Required work:
Using the records below, give again exactly the lines from the line that contains "A mountaineering guide" through the line that contains "A bedroom with", both ends included, and only those.

Records provided below:

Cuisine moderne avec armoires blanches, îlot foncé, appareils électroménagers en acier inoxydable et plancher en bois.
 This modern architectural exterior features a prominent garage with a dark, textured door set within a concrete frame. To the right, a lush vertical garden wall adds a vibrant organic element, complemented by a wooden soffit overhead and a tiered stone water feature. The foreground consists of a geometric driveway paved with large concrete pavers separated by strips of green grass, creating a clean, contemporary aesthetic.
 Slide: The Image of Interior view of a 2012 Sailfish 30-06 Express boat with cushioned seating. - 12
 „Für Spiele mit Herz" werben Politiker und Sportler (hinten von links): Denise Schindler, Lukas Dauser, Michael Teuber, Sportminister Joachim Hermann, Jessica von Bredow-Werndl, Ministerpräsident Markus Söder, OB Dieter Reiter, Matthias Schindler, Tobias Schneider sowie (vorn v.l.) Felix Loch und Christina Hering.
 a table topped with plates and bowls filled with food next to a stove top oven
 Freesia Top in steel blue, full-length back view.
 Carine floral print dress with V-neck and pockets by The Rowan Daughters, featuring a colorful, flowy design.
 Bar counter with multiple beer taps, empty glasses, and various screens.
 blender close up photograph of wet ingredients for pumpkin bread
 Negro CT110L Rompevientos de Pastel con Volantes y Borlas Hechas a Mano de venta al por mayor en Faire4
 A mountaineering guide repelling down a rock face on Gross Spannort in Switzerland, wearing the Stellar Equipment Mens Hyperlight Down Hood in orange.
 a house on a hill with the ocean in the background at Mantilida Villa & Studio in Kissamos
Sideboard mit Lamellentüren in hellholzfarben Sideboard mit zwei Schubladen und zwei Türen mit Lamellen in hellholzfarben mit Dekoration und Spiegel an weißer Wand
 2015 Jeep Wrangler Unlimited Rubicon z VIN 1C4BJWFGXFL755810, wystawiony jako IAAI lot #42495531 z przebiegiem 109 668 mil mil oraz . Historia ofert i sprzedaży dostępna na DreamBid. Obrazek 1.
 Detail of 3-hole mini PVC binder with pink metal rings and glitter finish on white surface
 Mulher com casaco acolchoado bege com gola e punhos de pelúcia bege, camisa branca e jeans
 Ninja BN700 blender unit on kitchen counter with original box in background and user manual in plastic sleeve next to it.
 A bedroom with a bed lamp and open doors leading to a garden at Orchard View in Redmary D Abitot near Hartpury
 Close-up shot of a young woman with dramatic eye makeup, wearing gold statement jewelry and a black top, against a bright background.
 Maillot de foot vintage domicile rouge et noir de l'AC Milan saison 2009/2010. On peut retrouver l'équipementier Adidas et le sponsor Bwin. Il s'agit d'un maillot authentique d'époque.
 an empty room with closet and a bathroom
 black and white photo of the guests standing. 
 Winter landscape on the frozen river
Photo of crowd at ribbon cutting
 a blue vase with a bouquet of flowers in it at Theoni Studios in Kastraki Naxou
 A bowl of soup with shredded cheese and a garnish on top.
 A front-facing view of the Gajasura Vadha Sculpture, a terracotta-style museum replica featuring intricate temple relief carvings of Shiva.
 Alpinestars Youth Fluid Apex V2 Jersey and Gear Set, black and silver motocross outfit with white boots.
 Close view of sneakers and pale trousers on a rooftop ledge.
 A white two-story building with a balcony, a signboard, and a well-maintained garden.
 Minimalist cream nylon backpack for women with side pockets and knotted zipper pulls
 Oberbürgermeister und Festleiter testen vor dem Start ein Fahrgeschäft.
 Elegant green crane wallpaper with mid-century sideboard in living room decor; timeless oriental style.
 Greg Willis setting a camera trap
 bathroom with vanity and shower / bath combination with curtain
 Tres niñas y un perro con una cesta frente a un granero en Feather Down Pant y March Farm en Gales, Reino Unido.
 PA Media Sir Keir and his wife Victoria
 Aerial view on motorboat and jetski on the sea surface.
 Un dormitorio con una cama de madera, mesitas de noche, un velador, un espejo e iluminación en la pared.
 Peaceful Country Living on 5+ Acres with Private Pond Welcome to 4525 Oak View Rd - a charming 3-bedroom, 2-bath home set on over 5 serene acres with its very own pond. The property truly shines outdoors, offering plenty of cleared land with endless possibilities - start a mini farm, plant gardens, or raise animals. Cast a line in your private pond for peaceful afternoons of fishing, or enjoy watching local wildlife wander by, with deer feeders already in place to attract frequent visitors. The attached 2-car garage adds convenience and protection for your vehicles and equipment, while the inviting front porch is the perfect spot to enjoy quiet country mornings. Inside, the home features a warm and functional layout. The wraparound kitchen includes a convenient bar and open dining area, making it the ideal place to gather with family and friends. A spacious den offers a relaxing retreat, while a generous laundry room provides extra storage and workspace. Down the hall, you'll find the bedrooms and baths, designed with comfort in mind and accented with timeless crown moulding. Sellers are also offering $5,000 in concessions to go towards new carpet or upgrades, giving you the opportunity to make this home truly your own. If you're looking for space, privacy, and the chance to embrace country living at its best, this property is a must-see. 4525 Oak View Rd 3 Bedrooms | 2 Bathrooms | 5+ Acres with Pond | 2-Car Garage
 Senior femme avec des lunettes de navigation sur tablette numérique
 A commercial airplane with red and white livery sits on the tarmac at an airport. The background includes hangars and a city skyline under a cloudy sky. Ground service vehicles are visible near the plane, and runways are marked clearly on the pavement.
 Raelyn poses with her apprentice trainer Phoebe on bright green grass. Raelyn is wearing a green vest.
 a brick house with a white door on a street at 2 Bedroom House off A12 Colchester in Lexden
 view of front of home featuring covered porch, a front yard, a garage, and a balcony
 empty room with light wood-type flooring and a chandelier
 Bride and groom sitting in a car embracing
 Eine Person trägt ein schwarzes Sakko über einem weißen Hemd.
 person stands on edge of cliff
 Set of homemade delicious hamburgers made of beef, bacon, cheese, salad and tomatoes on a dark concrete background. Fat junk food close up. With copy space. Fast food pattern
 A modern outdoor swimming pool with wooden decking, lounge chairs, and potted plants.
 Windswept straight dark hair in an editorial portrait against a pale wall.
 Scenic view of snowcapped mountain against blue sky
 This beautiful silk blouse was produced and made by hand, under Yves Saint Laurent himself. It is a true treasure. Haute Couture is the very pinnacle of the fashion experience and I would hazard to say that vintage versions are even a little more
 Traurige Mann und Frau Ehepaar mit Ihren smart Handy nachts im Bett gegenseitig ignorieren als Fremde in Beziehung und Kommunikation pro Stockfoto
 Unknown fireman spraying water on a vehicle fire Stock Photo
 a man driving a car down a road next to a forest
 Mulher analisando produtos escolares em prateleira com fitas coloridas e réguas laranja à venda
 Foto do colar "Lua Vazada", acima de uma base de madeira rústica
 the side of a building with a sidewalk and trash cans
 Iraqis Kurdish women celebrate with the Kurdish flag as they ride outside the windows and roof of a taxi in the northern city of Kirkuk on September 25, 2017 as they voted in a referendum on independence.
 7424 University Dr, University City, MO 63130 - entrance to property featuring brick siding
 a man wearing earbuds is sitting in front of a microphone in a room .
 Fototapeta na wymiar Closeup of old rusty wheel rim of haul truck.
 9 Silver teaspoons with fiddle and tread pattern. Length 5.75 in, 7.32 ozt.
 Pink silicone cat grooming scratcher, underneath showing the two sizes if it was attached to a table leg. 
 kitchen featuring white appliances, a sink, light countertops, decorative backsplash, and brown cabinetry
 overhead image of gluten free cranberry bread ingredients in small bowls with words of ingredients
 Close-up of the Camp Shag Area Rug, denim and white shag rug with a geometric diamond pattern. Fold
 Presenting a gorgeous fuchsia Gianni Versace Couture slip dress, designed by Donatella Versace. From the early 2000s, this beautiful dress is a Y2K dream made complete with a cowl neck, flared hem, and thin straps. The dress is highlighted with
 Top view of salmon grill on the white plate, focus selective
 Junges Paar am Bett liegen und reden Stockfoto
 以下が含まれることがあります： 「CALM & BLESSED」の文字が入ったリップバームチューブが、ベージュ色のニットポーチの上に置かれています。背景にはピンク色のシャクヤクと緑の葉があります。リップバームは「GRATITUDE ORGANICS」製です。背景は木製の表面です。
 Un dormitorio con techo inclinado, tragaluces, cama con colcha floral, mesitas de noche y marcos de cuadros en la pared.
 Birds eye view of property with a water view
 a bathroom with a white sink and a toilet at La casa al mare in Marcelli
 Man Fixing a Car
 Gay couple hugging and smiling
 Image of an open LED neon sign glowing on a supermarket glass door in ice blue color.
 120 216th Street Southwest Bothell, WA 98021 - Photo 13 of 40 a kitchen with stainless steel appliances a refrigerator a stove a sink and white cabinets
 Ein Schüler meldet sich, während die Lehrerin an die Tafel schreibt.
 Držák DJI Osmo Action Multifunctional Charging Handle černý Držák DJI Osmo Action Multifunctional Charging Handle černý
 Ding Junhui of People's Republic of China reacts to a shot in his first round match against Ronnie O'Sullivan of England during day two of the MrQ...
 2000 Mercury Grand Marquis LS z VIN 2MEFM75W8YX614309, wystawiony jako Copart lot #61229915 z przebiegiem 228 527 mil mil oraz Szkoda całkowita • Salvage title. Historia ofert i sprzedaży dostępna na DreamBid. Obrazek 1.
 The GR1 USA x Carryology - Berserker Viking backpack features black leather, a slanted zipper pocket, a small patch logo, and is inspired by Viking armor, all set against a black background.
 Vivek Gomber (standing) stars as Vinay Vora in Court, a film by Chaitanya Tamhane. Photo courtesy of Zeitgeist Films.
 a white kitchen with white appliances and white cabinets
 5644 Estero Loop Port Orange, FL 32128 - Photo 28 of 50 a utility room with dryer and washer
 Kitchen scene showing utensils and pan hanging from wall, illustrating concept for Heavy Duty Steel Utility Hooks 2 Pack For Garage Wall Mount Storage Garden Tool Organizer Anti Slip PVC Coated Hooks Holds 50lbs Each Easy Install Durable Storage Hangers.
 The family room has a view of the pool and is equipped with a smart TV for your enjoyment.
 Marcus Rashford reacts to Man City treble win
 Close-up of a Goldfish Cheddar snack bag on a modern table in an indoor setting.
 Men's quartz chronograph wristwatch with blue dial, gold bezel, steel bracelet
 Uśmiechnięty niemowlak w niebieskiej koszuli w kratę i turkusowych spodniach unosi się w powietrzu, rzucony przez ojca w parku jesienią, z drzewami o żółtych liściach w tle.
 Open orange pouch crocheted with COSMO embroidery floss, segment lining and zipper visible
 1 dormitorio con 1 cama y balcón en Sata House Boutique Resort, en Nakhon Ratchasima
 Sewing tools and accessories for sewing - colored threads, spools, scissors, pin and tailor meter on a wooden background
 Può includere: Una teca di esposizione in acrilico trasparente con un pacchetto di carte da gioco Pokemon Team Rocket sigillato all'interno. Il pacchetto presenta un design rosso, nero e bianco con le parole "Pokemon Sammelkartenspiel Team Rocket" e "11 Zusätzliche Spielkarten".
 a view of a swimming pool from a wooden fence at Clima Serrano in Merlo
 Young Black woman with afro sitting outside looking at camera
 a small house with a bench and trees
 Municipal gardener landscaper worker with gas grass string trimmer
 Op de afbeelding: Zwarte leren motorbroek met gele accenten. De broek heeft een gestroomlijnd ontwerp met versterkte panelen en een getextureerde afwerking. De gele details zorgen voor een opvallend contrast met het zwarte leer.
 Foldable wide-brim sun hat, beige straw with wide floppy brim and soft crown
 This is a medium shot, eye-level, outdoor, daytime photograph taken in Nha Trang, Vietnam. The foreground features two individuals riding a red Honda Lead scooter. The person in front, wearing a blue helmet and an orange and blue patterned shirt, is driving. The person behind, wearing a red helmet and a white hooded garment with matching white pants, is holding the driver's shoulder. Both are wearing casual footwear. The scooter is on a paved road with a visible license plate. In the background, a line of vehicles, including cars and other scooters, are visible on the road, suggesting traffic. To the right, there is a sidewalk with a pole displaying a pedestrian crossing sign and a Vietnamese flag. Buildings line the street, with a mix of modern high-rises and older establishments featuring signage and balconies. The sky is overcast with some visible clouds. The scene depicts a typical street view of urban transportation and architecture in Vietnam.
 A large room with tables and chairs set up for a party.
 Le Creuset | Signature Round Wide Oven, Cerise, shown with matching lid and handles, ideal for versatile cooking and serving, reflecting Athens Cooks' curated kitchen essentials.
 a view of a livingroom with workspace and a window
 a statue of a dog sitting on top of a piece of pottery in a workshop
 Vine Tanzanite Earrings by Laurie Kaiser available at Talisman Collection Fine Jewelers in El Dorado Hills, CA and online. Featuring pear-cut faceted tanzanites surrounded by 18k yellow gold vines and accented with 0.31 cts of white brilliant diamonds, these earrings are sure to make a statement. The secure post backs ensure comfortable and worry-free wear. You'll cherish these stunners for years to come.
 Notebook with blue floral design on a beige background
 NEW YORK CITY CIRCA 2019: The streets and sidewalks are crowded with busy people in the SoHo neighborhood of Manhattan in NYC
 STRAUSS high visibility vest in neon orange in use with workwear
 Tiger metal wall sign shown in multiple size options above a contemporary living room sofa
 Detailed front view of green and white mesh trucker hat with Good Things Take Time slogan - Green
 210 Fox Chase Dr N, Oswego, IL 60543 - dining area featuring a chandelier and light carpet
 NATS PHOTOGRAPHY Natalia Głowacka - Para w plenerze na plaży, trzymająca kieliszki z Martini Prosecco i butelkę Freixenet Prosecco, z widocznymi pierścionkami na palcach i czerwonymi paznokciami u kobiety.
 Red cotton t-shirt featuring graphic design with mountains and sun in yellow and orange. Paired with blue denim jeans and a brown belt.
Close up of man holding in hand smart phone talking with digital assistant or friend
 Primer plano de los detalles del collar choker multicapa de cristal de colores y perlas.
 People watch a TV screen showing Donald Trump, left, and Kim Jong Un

End of Records provided.

Solution:
 A mountaineering guide repelling down a rock face on Gross Spannort in Switzerland, wearing the Stellar Equipment Mens Hyperlight Down Hood in orange.
 a house on a hill with the ocean in the background at Mantilida Villa & Studio in Kissamos
Sideboard mit Lamellentüren in hellholzfarben Sideboard mit zwei Schubladen und zwei Türen mit Lamellen in hellholzfarben mit Dekoration und Spiegel an weißer Wand
 2015 Jeep Wrangler Unlimited Rubicon z VIN 1C4BJWFGXFL755810, wystawiony jako IAAI lot #42495531 z przebiegiem 109 668 mil mil oraz . Historia ofert i sprzedaży dostępna na DreamBid. Obrazek 1.
 Detail of 3-hole mini PVC binder with pink metal rings and glitter finish on white surface
 Mulher com casaco acolchoado bege com gola e punhos de pelúcia bege, camisa branca e jeans
 Ninja BN700 blender unit on kitchen counter with original box in background and user manual in plastic sleeve next to it.
 A bedroom with a bed lamp and open doors leading to a garden at Orchard View in Redmary D Abitot near Hartpury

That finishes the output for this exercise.